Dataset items
==============================
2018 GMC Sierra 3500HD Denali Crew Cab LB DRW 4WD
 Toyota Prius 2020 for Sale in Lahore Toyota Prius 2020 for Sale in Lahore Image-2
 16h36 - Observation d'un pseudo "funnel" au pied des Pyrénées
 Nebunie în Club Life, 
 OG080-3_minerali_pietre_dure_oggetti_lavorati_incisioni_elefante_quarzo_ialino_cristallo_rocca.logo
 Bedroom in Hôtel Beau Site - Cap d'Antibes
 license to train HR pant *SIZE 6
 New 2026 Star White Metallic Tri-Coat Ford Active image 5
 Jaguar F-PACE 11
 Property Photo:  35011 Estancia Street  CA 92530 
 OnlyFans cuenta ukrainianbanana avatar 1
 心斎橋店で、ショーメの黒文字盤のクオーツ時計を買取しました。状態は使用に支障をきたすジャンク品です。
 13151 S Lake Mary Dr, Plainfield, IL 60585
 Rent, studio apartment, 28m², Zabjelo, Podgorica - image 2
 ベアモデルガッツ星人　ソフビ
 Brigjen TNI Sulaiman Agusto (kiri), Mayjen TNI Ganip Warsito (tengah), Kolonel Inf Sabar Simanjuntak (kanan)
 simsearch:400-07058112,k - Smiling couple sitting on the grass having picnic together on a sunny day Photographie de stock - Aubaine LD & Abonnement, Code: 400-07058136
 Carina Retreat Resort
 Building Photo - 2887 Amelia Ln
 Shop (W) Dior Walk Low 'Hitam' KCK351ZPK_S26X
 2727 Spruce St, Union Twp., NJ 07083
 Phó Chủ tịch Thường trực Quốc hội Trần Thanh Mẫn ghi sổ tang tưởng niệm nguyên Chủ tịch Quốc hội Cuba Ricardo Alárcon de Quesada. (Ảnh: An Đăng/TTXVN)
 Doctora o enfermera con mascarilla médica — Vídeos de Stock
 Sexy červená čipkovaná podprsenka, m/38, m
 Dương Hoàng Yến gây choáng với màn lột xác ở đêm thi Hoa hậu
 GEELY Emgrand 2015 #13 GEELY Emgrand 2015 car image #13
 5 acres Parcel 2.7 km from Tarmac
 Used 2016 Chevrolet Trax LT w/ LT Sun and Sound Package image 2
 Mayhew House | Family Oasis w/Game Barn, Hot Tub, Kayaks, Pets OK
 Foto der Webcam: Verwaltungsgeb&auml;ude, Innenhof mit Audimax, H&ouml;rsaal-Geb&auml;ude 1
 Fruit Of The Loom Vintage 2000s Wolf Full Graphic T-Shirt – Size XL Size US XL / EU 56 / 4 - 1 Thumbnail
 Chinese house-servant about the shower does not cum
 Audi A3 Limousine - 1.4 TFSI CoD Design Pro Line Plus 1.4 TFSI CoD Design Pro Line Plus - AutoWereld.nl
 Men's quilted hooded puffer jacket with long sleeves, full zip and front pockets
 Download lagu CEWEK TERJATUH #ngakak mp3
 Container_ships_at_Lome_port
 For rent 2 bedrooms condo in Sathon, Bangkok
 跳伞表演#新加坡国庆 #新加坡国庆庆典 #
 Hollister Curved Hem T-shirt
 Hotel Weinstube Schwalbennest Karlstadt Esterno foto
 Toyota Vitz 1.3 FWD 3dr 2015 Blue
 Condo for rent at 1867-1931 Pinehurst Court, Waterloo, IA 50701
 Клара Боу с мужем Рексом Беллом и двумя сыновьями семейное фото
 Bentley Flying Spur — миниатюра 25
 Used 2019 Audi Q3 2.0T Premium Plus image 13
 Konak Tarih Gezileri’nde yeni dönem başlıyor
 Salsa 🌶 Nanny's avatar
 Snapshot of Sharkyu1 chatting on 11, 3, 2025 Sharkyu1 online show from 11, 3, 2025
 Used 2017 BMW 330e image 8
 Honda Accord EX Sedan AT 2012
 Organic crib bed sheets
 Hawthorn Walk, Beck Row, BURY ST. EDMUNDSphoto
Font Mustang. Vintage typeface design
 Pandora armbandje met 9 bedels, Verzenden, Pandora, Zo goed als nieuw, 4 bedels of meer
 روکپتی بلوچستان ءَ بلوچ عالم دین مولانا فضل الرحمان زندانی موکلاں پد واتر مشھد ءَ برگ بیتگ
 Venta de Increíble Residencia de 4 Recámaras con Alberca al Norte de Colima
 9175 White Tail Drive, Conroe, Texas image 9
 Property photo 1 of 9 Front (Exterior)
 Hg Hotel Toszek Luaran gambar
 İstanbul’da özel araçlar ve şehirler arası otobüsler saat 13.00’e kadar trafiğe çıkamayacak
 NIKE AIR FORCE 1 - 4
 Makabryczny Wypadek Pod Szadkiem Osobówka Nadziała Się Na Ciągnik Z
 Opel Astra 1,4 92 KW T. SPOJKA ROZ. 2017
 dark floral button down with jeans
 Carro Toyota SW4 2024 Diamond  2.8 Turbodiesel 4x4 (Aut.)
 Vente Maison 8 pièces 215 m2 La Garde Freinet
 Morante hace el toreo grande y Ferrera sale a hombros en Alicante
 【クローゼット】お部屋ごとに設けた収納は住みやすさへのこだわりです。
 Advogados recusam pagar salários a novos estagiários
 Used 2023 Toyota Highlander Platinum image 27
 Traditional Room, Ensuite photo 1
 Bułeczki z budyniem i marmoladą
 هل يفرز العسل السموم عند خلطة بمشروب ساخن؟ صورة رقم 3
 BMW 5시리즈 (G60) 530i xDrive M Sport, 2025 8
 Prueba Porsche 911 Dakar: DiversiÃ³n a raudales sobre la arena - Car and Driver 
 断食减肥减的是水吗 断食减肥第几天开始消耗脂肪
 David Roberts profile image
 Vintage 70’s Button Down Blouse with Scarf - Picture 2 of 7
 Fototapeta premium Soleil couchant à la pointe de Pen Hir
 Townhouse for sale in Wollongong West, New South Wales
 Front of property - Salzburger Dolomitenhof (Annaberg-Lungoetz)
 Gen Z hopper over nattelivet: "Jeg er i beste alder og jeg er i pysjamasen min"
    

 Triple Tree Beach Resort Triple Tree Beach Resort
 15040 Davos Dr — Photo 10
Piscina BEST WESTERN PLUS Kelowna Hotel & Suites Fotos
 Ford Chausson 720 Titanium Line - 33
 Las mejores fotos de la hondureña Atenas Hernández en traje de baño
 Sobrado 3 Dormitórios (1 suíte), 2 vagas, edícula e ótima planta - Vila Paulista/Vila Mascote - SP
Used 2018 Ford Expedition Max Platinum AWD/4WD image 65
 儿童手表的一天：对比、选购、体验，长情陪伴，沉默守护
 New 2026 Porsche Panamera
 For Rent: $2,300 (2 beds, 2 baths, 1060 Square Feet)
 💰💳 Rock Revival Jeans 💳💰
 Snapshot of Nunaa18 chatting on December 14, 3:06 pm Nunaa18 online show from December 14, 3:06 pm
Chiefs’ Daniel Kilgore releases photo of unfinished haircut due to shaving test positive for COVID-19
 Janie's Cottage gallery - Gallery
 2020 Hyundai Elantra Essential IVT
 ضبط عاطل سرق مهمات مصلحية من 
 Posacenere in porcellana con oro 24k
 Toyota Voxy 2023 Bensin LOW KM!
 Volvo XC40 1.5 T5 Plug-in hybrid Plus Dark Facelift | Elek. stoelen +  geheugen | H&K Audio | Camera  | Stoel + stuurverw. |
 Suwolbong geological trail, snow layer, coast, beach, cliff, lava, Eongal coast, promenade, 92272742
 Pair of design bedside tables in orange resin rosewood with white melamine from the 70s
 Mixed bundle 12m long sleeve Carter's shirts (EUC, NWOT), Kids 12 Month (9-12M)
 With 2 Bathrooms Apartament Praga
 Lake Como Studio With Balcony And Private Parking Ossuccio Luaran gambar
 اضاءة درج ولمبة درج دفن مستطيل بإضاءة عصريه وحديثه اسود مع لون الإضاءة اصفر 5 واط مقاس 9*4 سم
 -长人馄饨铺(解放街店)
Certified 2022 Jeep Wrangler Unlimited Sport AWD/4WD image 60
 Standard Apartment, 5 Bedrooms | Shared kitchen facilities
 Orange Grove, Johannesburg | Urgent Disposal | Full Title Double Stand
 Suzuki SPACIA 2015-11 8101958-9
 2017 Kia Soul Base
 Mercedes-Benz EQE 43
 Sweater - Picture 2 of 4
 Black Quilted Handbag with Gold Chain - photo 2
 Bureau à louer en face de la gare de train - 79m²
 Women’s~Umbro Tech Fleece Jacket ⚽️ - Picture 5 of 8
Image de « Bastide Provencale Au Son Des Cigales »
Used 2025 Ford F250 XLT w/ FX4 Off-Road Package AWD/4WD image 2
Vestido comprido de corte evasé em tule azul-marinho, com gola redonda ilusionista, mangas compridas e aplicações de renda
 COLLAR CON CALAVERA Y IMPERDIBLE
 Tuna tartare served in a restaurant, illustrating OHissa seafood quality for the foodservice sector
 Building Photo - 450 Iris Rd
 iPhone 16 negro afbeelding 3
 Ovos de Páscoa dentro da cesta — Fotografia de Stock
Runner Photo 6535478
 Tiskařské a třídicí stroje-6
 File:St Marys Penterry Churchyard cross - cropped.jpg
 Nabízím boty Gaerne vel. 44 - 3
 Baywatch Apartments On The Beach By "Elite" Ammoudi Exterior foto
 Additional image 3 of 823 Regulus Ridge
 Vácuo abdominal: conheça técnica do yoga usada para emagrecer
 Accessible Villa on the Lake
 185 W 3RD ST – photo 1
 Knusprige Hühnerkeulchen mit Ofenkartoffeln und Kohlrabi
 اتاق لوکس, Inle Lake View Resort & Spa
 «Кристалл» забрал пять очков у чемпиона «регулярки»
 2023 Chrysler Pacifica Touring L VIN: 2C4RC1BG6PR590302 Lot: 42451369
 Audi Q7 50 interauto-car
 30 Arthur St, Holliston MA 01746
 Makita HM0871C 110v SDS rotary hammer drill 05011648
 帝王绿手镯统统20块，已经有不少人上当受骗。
==============================
## [Your instructions]
Could you set down, word for word, only the lines above from the line with "Front of property" to the line with "Las mejores fotos", including both?

## [Completed task]
 Front of property - Salzburger Dolomitenhof (Annaberg-Lungoetz)
 Gen Z hopper over nattelivet: "Jeg er i beste alder og jeg er i pysjamasen min"
    

 Triple Tree Beach Resort Triple Tree Beach Resort
 15040 Davos Dr — Photo 10
Piscina BEST WESTERN PLUS Kelowna Hotel & Suites Fotos
 Ford Chausson 720 Titanium Line - 33
 Las mejores fotos de la hondureña Atenas Hernández en traje de baño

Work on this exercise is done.